Let's start with an architecture baseline. The general building blocks 
include
- Antenna, Feedline
- Software Defined Radio
- RF filtering to meet Nyquist criteria for A/D converter
- Wide band A/D converter running at 10-100 MHz
- FPGA or other custom DSP performing filtering and data rate reduction
- Data connection between SDR and general purpose computer (PC)
- PC
- Accepts data from SDR
- Runs a general purpose OS such as Linux or Windows
- Implements filtering, demodulation, audio, control

The softrock class SDR eliminates the DSP in the SDR but only supports 
about 96 KHz of bandwidth.

Let's talk about the performance capability of the PC running DSP algorithms
- Functions include filtering, signal selection, noise blanking, 
demodulation
- Linrad uses a series of FFTs that consume most of the processing
- Linrad consumes about 20% of CPU for 96 KHz bandwidth from a sound card
- Estimate CPU performance: 2 GHz clock, 1 Floating Point 
instruction/clock = 2G flops
- Estimate equivalent bit rate: 100 KHz clock x 16 bits/sample X 2 IQ 
sample/clock = 3.2 Mbps
- Estimate processing per interface bit or sample in the interface
- 2G FLOP/sec * 20% load / 3.2Mbps = about 120 instructions per bit
- 2G FLOP/sec * 20% load / 100k samples/sec = about 4000 instructions 
per sample

Pay attention to the number of instructions per sample, that's the most 
important number. It's a bit of a rough estimate, but it's based on a 
real example (Linrad). This means that it takes a lot of number 
crunching for each A/D sample. Worse, the amount of processing required 
grows exponentially with wider IF bandwidth.

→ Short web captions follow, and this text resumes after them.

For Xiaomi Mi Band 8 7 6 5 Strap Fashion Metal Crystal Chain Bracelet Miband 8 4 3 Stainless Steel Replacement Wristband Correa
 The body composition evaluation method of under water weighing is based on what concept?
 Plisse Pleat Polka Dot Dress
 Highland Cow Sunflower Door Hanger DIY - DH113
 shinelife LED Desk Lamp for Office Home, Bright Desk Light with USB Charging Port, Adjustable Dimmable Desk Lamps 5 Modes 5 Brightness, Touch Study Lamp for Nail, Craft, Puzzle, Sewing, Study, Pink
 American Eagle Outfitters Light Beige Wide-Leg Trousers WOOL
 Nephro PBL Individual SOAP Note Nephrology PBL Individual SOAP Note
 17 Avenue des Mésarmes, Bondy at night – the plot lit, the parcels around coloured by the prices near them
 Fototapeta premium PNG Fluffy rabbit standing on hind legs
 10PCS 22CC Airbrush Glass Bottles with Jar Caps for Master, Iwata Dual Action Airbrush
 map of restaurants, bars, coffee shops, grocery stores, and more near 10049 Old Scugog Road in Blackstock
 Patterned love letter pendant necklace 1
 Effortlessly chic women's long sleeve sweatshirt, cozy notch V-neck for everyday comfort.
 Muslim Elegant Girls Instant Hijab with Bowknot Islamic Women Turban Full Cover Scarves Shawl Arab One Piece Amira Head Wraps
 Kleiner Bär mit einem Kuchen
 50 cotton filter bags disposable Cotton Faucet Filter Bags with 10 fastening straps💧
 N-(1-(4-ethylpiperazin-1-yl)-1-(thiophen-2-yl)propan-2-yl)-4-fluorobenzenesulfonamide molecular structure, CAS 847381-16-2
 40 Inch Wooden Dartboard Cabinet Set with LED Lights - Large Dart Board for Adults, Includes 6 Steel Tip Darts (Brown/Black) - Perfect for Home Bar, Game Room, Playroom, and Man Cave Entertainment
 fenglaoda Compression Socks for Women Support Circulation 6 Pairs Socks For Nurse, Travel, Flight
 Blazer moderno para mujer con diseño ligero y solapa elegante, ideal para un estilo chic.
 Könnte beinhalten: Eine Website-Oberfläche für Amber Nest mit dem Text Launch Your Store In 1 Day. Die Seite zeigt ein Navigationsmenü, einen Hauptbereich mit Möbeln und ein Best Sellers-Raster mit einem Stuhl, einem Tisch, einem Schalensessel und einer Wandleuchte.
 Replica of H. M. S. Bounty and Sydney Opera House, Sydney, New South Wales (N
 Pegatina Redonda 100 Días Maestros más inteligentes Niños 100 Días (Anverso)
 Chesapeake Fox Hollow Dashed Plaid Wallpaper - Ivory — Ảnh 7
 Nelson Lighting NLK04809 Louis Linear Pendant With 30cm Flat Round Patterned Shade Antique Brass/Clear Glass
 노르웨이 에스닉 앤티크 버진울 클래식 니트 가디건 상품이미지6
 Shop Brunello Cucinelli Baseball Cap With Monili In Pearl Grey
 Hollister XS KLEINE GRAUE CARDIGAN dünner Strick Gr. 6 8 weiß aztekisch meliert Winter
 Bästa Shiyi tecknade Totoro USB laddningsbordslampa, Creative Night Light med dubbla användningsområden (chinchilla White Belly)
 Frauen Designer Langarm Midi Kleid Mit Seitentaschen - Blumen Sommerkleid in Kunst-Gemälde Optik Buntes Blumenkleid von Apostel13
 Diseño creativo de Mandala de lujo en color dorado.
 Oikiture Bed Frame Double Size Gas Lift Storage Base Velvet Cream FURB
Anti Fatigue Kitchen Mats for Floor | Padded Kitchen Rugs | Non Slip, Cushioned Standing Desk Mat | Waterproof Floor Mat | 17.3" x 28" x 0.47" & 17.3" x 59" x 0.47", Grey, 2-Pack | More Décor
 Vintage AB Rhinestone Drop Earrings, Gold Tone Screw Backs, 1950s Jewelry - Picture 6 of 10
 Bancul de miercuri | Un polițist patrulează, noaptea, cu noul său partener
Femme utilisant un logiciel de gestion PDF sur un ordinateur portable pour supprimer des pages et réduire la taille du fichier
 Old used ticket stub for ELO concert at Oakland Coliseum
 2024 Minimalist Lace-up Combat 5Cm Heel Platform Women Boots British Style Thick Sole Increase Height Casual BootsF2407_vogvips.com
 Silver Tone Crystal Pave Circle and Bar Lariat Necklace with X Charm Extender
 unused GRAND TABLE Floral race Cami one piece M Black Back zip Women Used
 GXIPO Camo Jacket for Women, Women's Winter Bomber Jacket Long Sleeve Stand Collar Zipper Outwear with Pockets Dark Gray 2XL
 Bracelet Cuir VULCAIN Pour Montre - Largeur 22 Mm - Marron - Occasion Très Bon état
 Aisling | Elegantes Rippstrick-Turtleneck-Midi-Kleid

Linrad uses a series of FFT's to break down a 96 KHz sample stream into 
SSB or CW bandwidths. The size of the FFTs depends the bandwidth of the 
incoming sample stream. For a wide band SDR, the size of the FFT will 
grow and the processing power also grows by what's called "N log(N)".

As the bandwidth of the SDR grows, the number of FFT bins require to 
break down the bandwidth into digestable chunks grows linearly (by N). 
If we assume that the first FFT breaks the IF bandwidth down into 100 Hz 
bins, it effectively samples a 100 Hz chunk of the band with each FFT. 
To reproduce the signal with an inverse FFT, the FFTs need to repeat 
fast enough to meet the Nyquist criteria for the bandwidth of the 
bin....meaning the FFT has to repeat at greater than 200 Hz plus some 
factors for overlapping and filter skirts...call it 500 Hz or 2000 usec 
for all the the FFT processing.

That give another way to estimate the CPU performance requirements. The 
FFTW web site has a nice formula, http://www.fftw.org/speed/. The simple 
formula for PC performance requirement becomes...
- M FLOPS = 5 N log2(N)/ (time per FFT in microseconds)
where time per FFT is about 2000 usec (for 500 Hz repeat rate)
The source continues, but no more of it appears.